**Exercise brief**
Search the listing below for lines that hold the word "Kapüşonlu", and report only how many there are.

**Given data**
┄┄┄┄┄┄┄┄┄┄┄┄┄┄┄┄┄┄┄┄
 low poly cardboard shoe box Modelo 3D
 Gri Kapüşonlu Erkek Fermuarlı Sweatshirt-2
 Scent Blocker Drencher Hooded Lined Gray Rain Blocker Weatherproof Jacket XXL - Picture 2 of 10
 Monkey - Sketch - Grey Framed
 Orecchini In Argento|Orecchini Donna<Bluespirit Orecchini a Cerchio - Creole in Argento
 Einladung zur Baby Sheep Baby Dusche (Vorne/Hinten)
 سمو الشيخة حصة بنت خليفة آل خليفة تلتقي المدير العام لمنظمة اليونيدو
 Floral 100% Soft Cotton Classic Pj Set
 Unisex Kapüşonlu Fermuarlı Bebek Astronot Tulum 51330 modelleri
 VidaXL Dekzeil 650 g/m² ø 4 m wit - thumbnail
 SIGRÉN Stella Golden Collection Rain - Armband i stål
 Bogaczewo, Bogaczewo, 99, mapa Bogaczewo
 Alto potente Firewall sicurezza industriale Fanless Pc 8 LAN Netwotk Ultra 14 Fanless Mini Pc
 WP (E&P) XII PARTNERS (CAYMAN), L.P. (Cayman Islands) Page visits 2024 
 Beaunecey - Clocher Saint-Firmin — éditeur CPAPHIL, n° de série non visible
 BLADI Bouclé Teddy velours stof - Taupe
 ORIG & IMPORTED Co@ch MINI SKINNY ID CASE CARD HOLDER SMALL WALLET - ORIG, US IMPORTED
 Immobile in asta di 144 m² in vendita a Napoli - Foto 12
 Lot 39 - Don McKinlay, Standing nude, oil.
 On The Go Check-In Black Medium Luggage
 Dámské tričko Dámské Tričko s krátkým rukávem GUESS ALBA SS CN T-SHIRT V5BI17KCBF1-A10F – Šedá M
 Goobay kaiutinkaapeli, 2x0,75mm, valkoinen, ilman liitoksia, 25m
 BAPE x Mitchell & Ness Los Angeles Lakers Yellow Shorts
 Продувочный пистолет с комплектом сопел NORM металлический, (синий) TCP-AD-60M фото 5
┄┄┄┄┄┄┄┄┄┄┄┄┄┄┄┄┄┄┄┄
**Response**
2